• _Try it_:
With the pictures omitted, write out all of the listing exactly.

• _Material to process_:
▬▬▬
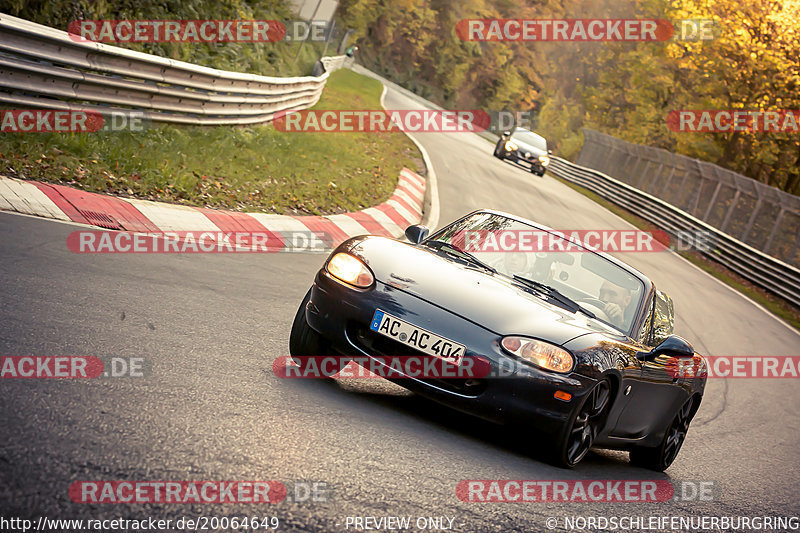 Bild #20064649 - Touristenfahrten Nürburgring Nordschleife (13.11.2022)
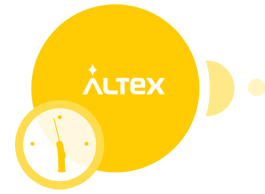 Optimieren Sie Ihr Geschäft mit der Altex Marketplace-Integration über Make.com. Verbinden Sie Systeme und verbessern Sie Arbeitsabläufe effizient.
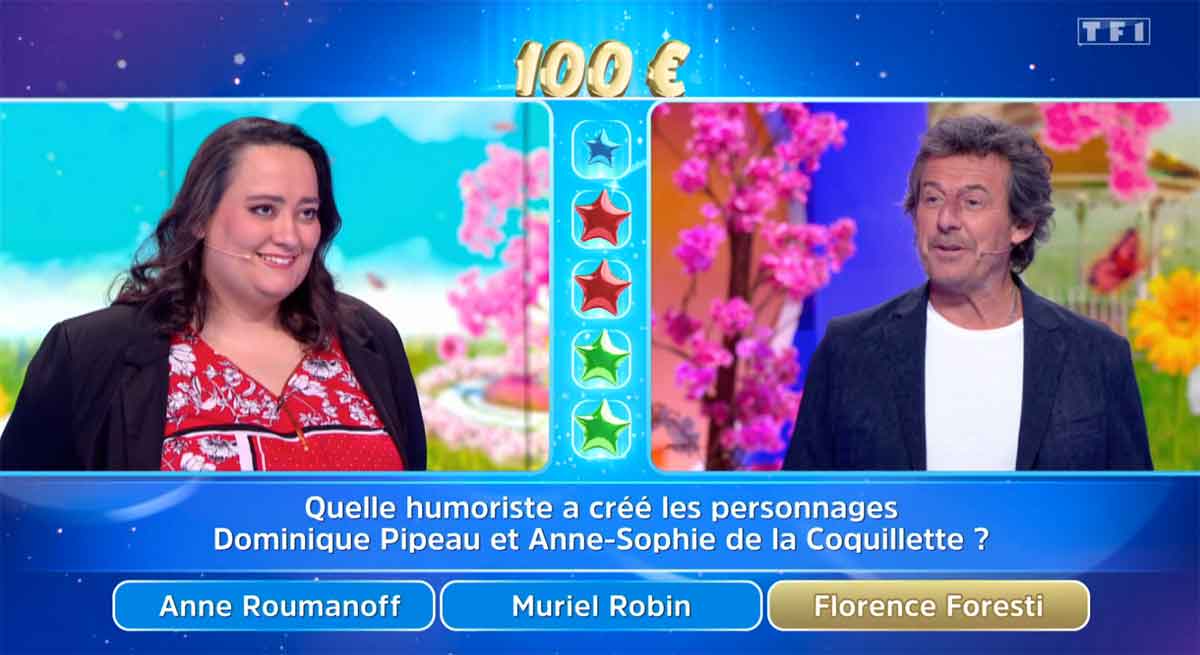 Celine 12 coups de midi 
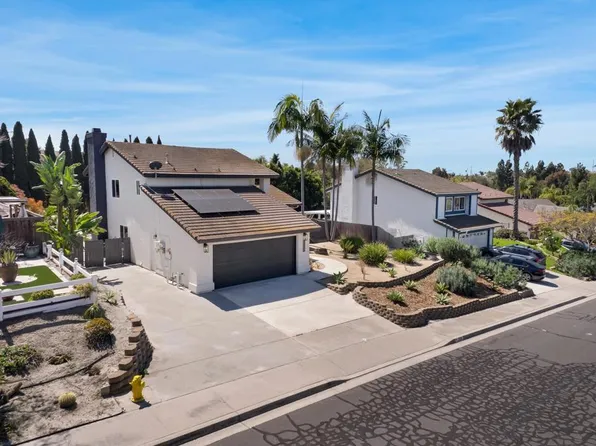 1535 Merlot Ct, Vista, CA 92083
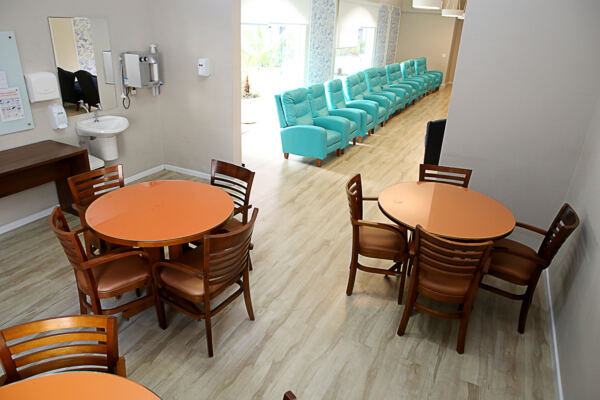 Morada do Sol Residencial Senior Grupo EM FAMILIA12 - Booking-Senior.com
▬▬▬
• _Your solution_:
 Bild #20064649 - Touristenfahrten Nürburgring Nordschleife (13.11.2022)
 Optimieren Sie Ihr Geschäft mit der Altex Marketplace-Integration über Make.com. Verbinden Sie Systeme und verbessern Sie Arbeitsabläufe effizient.
 Celine 12 coups de midi 
 1535 Merlot Ct, Vista, CA 92083
 Morada do Sol Residencial Senior Grupo EM FAMILIA12 - Booking-Senior.com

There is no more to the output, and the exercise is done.